Fertility Math: Is it news that age matters?

A new study presented recently at the American Society of Reproductive Medicine’s (ASRM) annual conference has found that by age 38, the chances of conceiving begin to drop dramatically. And by age 43, it is 10 times more difficult to get pregnant than it is at 37.

The researchers analyzed data from nearly 200 women to learn how many eggs, on average, it took to produce one healthy embryo. With that information they split the women into age groups to learn how the process was affected. According to the study, a 37-year-old woman needs to produce about four eggs to get one healthy embryo. Given that a woman typically produces one egg per month as part of the normal menstrual cycle, that equates to four months of trying to get pregnant. But by age 43, a woman needs 44 eggs to get one healthy embryo, which equates to nearly four years of trying to get pregnant or producing 44 eggs through in vitro fertilization (IVF).

Didn’t we already know this at a time when more and more women are delaying having their first child well into their 30s or beyond. According to the most recent data from the Centers for Disease Control and Prevention, 1 in 12 women has her first child at age 35 or older, compared to 1 in 100 women in 1970.

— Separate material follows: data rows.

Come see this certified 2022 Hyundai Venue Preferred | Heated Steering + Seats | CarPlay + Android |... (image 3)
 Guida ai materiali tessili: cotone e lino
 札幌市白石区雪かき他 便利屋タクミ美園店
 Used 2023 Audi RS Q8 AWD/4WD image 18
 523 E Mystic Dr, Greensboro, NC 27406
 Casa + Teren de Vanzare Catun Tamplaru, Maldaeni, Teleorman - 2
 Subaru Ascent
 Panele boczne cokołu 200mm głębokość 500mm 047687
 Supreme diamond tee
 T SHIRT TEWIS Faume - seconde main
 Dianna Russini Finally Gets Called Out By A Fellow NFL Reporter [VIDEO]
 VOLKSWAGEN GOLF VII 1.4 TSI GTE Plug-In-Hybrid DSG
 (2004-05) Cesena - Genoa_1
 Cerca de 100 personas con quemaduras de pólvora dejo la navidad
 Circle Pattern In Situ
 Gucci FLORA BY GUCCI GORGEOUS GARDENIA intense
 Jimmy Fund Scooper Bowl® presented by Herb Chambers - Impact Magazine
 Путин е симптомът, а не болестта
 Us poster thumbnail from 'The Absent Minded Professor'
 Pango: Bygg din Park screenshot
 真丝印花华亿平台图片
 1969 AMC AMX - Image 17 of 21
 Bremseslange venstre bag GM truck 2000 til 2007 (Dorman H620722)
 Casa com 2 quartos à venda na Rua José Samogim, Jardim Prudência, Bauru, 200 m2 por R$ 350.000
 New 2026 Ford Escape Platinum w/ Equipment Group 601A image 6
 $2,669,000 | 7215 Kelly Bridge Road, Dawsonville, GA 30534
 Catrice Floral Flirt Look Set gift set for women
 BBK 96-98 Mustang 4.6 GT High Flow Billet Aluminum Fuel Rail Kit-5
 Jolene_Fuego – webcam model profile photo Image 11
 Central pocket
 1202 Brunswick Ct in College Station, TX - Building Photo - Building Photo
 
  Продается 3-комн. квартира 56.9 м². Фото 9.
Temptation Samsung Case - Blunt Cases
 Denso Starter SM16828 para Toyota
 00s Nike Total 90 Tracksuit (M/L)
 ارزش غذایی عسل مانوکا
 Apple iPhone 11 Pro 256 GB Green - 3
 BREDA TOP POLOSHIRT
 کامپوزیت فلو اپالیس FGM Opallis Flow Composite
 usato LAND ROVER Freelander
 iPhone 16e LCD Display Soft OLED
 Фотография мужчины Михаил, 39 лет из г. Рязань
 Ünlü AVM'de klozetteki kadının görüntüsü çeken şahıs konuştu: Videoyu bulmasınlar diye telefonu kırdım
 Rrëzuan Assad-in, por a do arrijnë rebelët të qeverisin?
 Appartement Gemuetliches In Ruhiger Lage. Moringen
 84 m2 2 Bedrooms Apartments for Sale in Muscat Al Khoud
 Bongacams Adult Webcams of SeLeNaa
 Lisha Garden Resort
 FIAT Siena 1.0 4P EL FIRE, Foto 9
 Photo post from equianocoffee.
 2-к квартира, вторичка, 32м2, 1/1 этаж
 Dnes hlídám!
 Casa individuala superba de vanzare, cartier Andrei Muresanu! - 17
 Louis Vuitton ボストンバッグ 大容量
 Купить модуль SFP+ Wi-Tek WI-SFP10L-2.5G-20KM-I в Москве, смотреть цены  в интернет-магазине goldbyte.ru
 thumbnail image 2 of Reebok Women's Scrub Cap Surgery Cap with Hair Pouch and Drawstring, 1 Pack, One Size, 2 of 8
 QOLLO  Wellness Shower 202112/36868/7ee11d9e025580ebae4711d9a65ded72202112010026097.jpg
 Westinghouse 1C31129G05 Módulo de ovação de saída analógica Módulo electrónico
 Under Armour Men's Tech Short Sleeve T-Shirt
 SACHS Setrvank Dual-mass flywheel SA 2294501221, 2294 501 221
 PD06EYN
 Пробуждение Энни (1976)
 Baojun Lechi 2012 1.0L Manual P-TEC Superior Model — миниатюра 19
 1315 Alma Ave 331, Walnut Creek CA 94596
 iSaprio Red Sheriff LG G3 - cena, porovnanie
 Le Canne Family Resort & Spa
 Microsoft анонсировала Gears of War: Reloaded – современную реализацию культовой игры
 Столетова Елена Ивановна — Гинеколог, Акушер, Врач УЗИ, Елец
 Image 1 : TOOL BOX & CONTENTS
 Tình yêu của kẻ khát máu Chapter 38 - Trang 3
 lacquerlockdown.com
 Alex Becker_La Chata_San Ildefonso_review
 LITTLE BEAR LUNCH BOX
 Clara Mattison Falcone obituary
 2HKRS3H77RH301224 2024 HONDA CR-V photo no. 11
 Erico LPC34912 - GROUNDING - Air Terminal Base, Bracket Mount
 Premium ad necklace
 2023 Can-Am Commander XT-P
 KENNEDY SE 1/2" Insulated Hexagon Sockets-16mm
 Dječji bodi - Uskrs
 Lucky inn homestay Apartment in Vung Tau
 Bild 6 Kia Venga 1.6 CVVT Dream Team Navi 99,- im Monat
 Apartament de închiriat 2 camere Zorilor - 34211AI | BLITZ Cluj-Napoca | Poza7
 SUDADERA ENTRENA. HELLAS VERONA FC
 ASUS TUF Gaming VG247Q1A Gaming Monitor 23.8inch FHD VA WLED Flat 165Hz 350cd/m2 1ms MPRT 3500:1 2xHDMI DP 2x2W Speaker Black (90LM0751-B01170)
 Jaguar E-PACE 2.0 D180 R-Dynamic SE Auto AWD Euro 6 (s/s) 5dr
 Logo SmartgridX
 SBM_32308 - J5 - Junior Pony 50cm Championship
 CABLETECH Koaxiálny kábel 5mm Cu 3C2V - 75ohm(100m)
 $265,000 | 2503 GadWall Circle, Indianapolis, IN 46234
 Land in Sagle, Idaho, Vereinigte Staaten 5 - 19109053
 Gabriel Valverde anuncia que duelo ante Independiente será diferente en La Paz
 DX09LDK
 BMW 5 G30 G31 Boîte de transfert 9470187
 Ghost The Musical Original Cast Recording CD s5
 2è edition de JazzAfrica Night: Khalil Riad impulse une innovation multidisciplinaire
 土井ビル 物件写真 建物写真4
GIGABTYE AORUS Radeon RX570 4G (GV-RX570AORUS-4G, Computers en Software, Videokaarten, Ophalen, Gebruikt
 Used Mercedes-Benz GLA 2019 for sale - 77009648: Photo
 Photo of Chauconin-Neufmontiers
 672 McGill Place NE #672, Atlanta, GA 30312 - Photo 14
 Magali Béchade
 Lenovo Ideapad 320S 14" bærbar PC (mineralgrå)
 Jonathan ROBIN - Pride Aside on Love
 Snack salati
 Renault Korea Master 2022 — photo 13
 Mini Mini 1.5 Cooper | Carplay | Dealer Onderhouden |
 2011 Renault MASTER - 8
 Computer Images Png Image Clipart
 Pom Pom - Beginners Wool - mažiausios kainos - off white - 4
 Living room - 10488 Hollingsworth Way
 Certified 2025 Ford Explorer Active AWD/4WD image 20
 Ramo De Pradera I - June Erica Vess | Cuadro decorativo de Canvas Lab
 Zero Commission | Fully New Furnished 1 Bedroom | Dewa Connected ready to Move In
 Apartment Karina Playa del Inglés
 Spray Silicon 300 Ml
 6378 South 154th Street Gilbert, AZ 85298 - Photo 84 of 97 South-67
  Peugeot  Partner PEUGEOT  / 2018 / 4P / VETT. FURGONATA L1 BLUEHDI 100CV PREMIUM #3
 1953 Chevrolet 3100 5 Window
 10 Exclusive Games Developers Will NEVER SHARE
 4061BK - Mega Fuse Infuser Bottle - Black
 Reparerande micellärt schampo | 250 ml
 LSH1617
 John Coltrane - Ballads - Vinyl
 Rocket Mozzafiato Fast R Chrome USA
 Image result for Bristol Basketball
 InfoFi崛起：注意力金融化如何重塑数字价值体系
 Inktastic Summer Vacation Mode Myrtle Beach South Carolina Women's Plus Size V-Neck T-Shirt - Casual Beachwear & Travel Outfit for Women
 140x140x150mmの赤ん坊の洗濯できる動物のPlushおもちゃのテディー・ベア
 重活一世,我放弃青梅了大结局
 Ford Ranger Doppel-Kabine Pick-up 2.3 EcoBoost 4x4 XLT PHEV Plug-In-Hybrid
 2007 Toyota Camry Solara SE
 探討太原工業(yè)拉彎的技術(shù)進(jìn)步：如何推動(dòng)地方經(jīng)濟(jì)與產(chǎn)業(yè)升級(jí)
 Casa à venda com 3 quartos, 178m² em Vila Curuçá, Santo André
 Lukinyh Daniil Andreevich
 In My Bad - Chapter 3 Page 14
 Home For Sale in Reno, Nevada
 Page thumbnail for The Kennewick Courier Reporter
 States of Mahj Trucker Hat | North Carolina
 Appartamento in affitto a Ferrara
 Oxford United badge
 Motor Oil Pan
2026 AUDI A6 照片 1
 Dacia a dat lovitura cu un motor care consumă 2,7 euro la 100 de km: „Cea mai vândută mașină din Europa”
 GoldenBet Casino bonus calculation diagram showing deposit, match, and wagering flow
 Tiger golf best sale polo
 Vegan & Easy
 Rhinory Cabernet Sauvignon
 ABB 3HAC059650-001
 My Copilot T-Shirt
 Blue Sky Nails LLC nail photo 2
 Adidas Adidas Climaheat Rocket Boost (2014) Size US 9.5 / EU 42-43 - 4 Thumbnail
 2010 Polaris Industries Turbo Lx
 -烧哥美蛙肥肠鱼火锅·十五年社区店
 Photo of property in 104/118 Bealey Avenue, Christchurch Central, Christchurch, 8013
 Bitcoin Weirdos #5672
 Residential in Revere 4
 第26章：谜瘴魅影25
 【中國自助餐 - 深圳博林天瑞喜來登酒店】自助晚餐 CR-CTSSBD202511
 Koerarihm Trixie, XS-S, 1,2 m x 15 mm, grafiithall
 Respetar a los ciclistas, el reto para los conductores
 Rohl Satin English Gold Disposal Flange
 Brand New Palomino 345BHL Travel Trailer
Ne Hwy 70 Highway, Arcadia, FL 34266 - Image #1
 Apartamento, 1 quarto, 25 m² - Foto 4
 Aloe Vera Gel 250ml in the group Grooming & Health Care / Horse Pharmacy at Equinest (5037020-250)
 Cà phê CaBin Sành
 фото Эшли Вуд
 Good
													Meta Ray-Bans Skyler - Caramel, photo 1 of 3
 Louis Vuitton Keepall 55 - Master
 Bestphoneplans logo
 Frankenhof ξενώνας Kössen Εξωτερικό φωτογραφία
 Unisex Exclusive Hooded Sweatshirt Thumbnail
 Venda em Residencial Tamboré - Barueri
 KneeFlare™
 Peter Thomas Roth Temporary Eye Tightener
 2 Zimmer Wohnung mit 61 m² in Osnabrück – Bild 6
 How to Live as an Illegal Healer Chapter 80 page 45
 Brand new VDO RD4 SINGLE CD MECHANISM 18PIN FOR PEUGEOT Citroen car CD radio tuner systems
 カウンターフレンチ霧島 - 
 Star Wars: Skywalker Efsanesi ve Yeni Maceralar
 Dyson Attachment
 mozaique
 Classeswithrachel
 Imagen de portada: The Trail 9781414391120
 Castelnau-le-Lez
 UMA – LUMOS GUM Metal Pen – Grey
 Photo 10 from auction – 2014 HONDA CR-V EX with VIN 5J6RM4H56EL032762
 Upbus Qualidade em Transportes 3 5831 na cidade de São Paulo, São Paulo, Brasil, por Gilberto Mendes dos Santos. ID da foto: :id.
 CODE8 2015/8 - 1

As the realities of being an ambitious professional collide with the risks of delayed motherhood, an increased number of women are starting to turn to egg freezing — a process that involves harvesting, freezing, and storing a woman’s eggs until she is ready to become pregnant. ASRM only endorses egg freezing only for medical purposes (for example, prior to a woman having cancer treatments that might impede her ability to conceive. But it has become a preemptive move made by healthy women who are now more aware of the risks of having children after 40 as ASRM no longer considers the process experimental.